“He was just venting”: how Slash helped Jim Carrey mend his broken heart

There are few pains people can feel more acutely than the suffering that comes from lost love, but there’s much debate around the best cure for it.

Some folk will head off on holiday, others might go on a shopping spree, but if you’re wondering whether the offer to have a rock legend play a screaming guitar solo at ear-bleeding volume into your face would help, you’ll have to ask Jim Carrey.
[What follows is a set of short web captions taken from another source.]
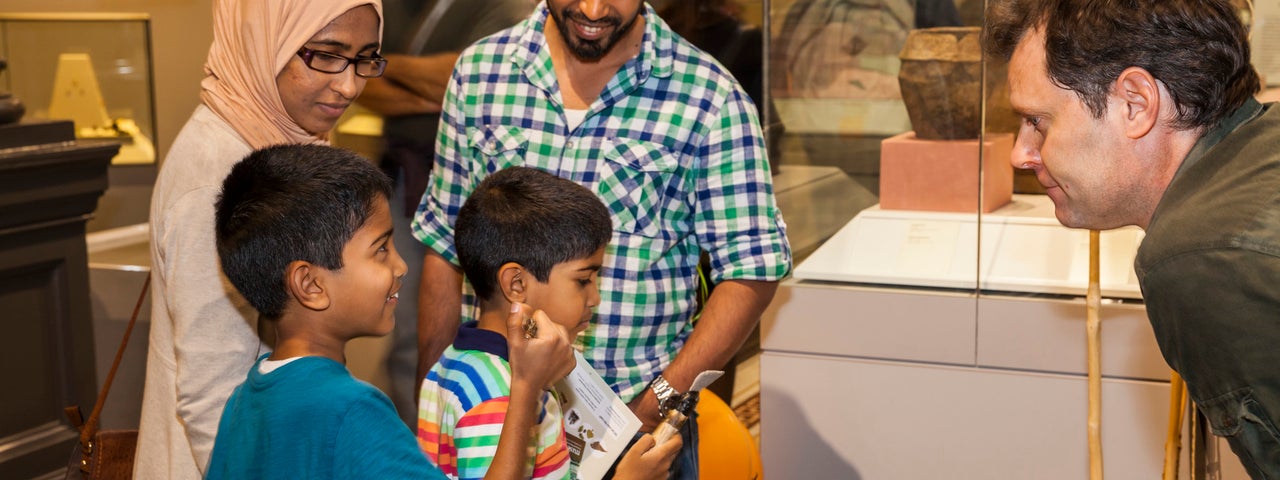 Drop-In: Stone Age Handling Workshop in the Learning Resource Room - a family looking at old artefacts on a table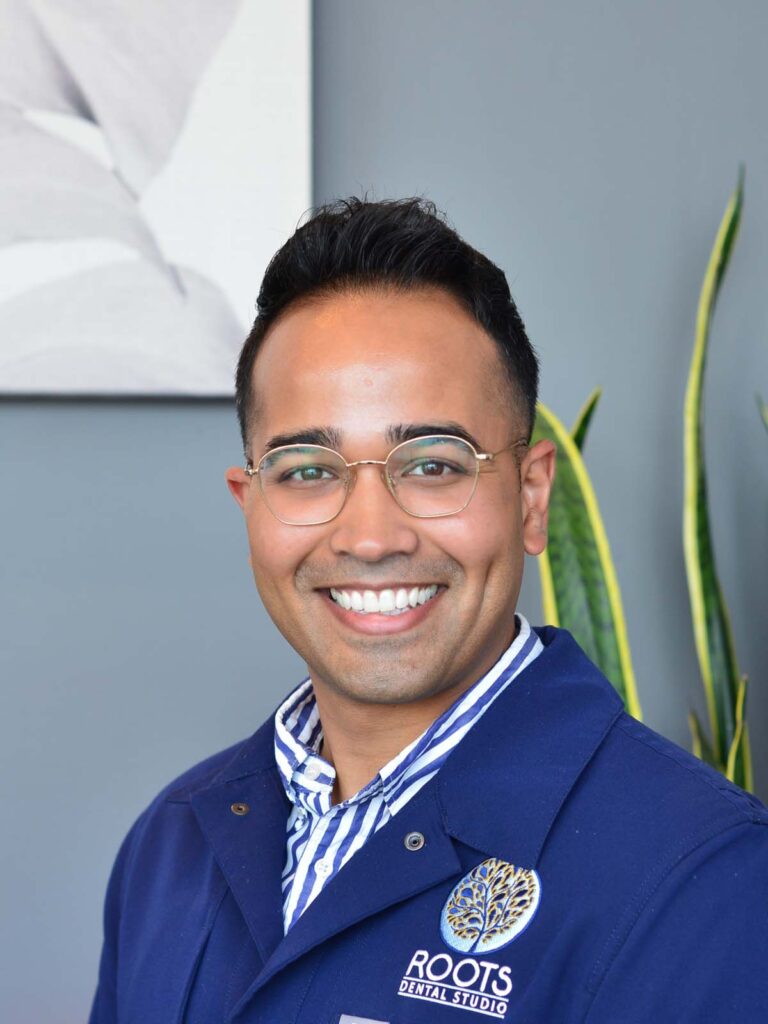 The image shows a man wearing an eyeglasses and a blue coat with the logo 'ROOTS DENTAL STUDIO' clearly visible on the left side.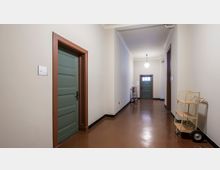 Flur mit hellen Wänden und braunem Boden; an den Seiten befinden sich grüne Türen mit braunen Türrahmen. Im Hintergrund sind ein Rollwagen und ein Regal mit Rollen zu sehen, die auf dem glänzenden Boden stehen, und eine hängende Deckenlampe leuchtet den Bereich aus.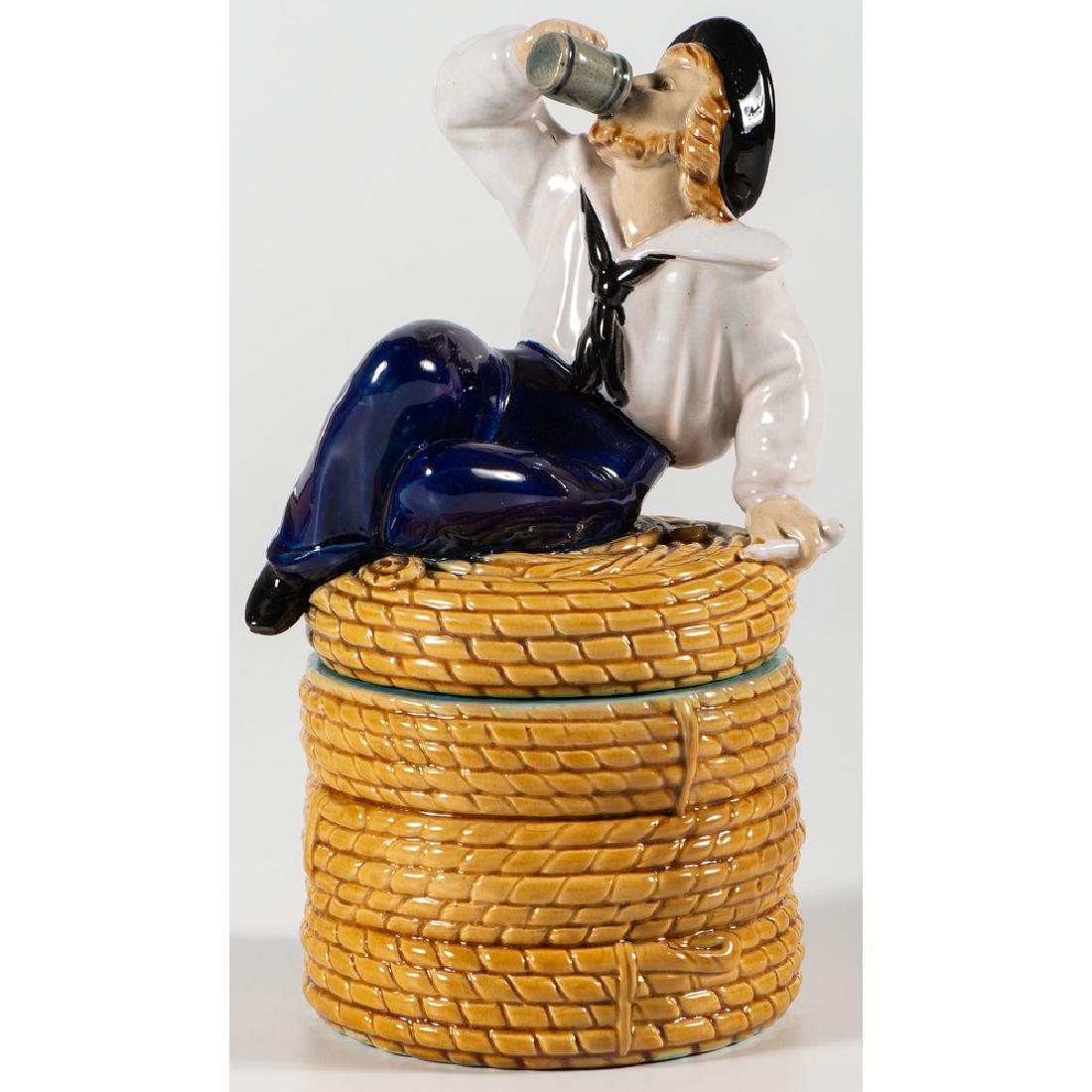 Minton Majolica Tobacco Jar: English, 19th century. A majolica tobacco jar in the form of coiled rope, the lid with figure of a drinking sailor. Impressed mark to underside, with painted mark R to lid and bottom; ht. 9 in.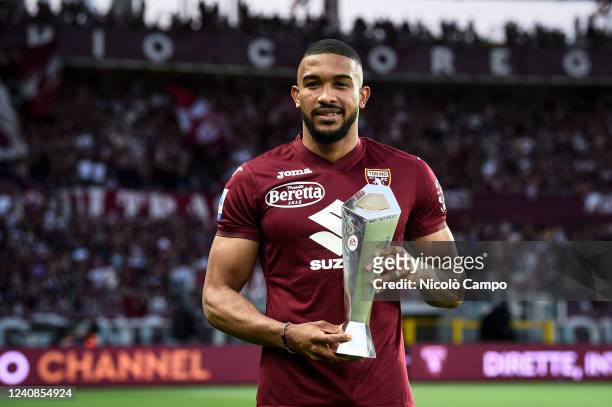 Gleison Bremer of Torino FC poses for a photo with the Serie A MVP Best Defender 2021/2022 award prior to the Serie A football match between Torino...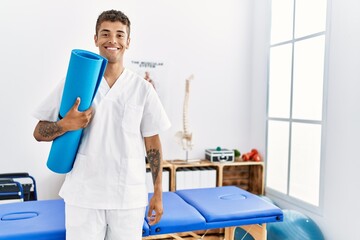 Young hispanic man working as physiotherapist holding yoga mat at physiotherapy room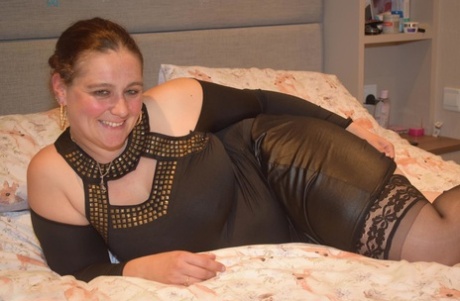 Middle-aged BBW gets completely naked on top of her bed for her first nudes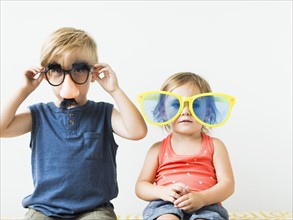 Children (2-3) wearing novelty glasses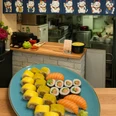 Sushi-Teller mit Lachs-Nigiri und Maki vor Theke mit Winkekatzen-Dekor
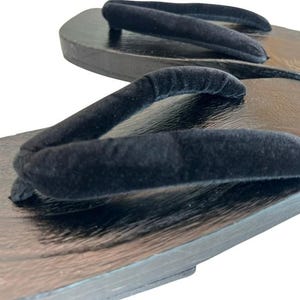 May include: A pair of geta sandals featuring dark brown wooden platforms with a polished finish and black velvet thong straps. The footwear has a flat, rectangular base design with a visible wood grain texture on the surface of the footbed.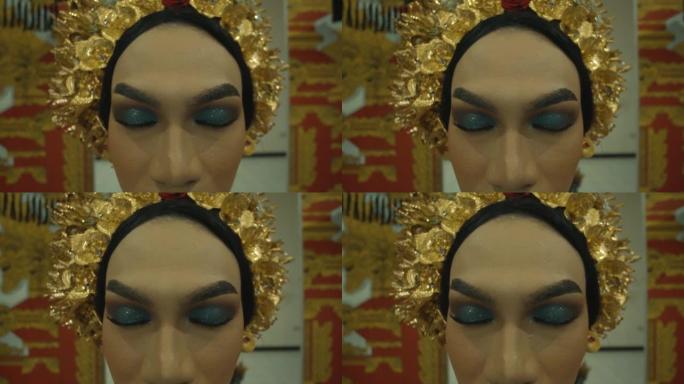 祈祷期间化妆和戴金冠的巴厘岛妇女的特写脸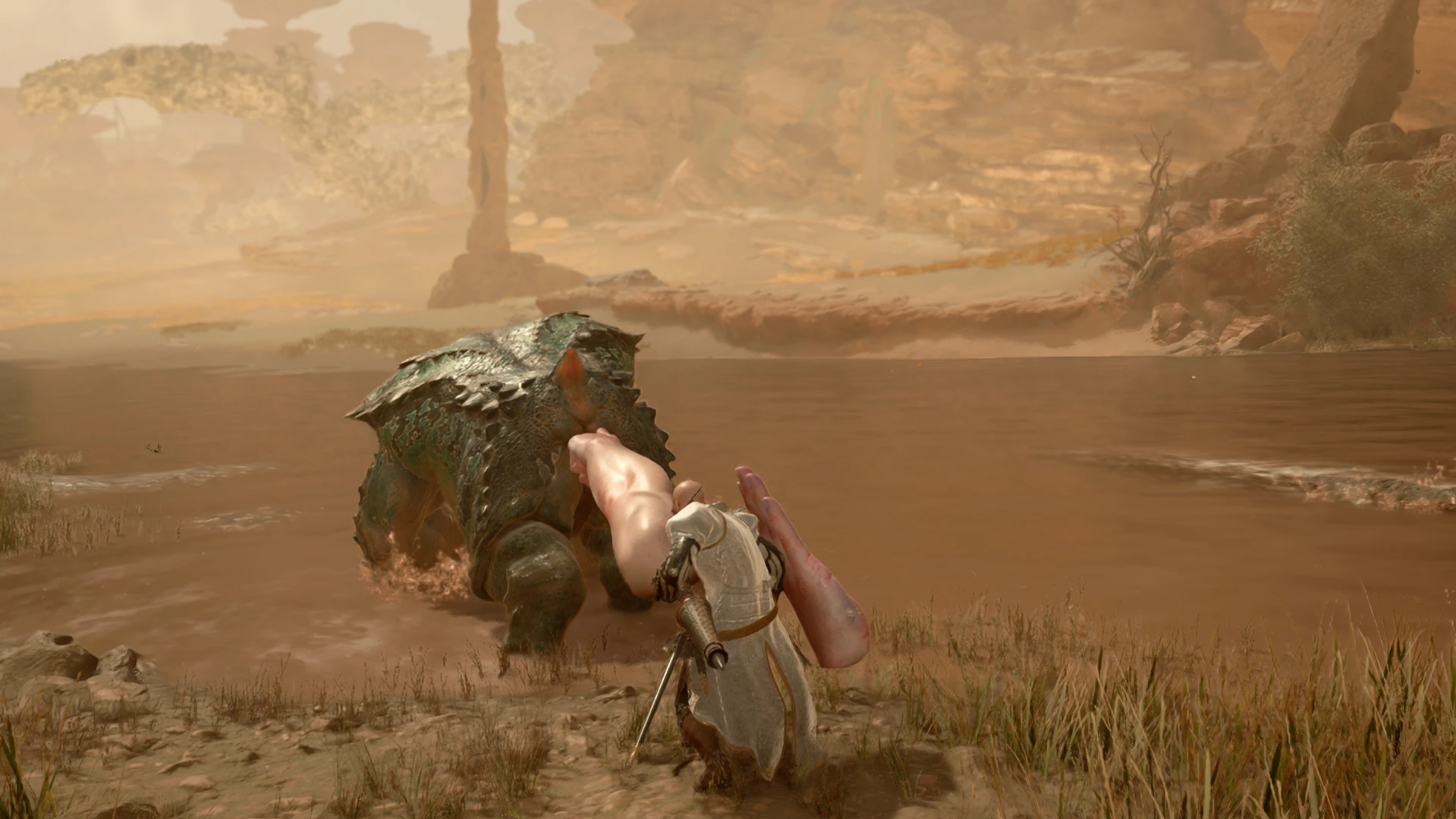 A monster hunter pokes a monster in its butt using the giant finger lance.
The reason for that is some years back, Carrey suffered a break-up, not the first, it has to be said, because the bendy-faced funnyman is someone who, to put it mildly, has had a reasonably complex love life since he rose to fame in the early 1990s, and one of his famous friends, Slash from Guns N’ Roses, decided he needed cheering up.

Disappointingly, that didn’t involve taking him on a class-A powered John Lennon-style lost weekend, but did in fact involve pandering to the fact that he quite evidently is a huge exhibitionist, and so saw the axeman dragging him up on stage in order to scream out his pain over splitting from a female comedian with questionable morals. 

As Slash told an Australian radio show back in 2012, “Guns N’ Roses did a cameo in a movie called The Dead Pool, and Jim Carey was in the movie, and he lip-synced to our song ‘Welcome to the Jungle’, and that was our initial meeting. But I have been friends with him since.”

Detailing the extent of the friendship, he added about how he helped Carrey out of a sticky emotional situation: “He broke up [with Jenny McCarthy], and he was having a moment, and I took him down to a club in LA called Cozy’s, and he got up and sang. We did ‘Black Betty’, and I think we did a Pink Floyd song, and he was just venting. It was pretty cool.”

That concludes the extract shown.